Beginning & Experienced Writers & Poets Read Their Work
Ballard Branch Seattle Public Library
5614 22nd Ave. N.W.
Seattle , WA 98107
206-684-4089
Thurs. June 11, 2009 #238
6:00 - 7:45 p.m.
Wheelchair accessible. Free
open mike before and in between scheduled readers
open mike readers have 3 minutes to read
scheduled writers read 15 minutes
writer's craft talk 20 min
Thurs. June 11, 2009 #238 Deborah Woodard, Michael Daley, Priscilla Long + Bethany Reid on The Writer's Craft
Bethany Reid is the author of a poetry chapbook, The Coyotes and My Mom (1990), and the co-author, with Thomas M. Gaskin, of Everett and Snohomish County (Wyndham Press, 2005). Her poetry and essays have appeared in numerous small presses and literary journals, including Calyx, Santa Clara Review, Cairn, Hayden’s Ferry Review, New England Quarterly, Studies in the Novel, and Twins. Bethany earned her M.F.A. and Ph.D. from the University of Washington where she was a poetry editor and later interview and essay editor of The Seattle Review.
Michael Daley published The Straits (Empty Bowl, Port Townsend) in 1983, Way Out There, essays (Pleasure Boat Studio, New York), in 2007, and To Curve (Word, Cincinnati) in 2008. Moonlight In The Redemptive Forest, including an Artist Trust sponsored cd, is due from Pleasure Boat in 2009.
Priscilla Long's work appears widely in journals, including Passages North and The American Scholar. Her honors include a National Magazine Award. She is author of Where the Sun Never Shines: A History of America’s Bloody Coal Industry. She serves as Senior Editor of www.historylink.org http://www.historylink.org/, the online encyclopedia of Washington state history.

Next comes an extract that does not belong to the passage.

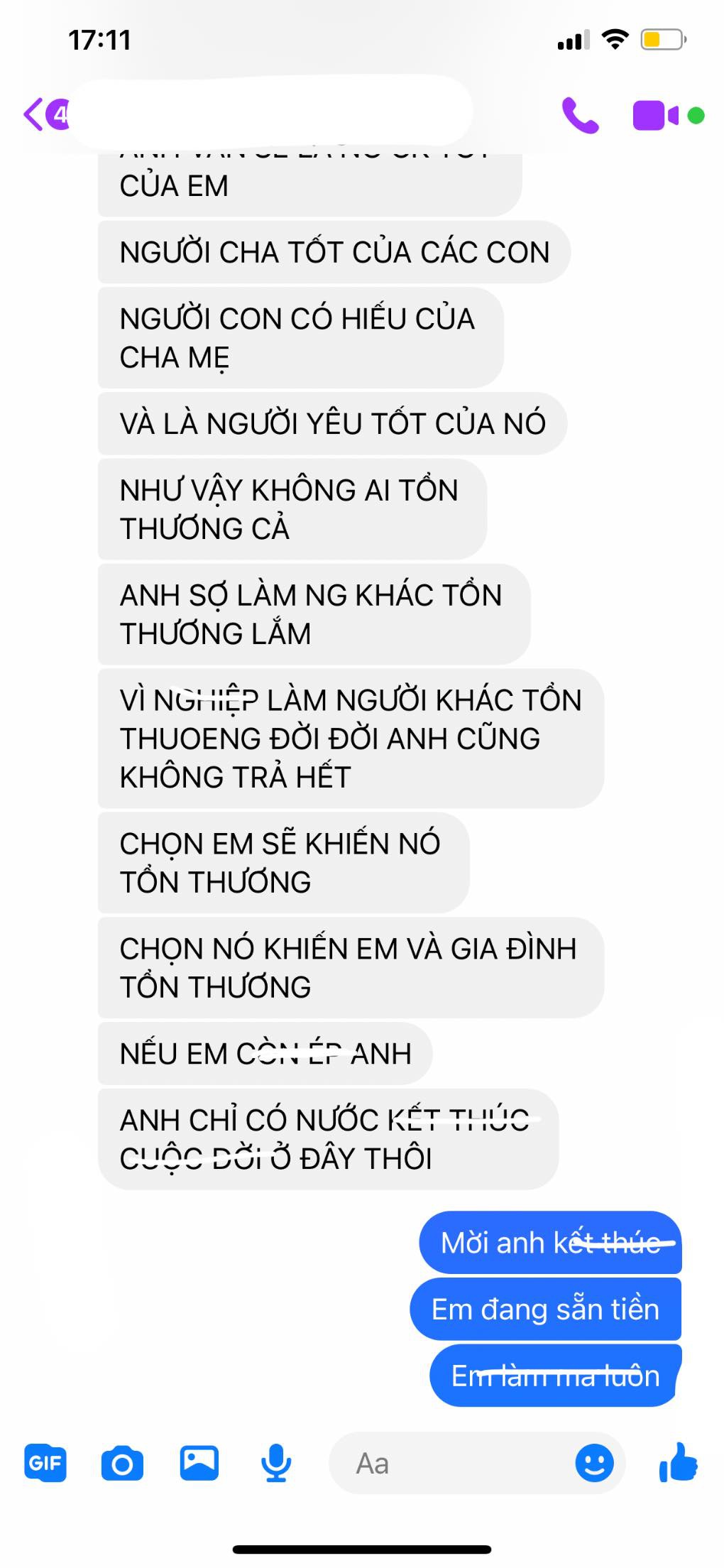 Bị vợ phát hiện ngoại tình yêu cầu bỏ bồ, chồng còn văn vở &quot;muốn có cả hai&quot; - Ảnh 4.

Deborah Woodard’s first full-length collection is Plato’s Bad Horse (Bear Star, 2006). Her chapbook Hunter Mnemonics (hemel press, 2008) was illustrated by artist Heide Hinrichs. Her co-translation from the Italian of Amelia Rosselli in conjunction with Giuseppe Leporace, The Dragonfly: A Selection of Poems 1953-1981, was recently published by Chelsea Editions (2009). Deborah teaches at the Richard Hugo House, a community literary center in Capitol Hill.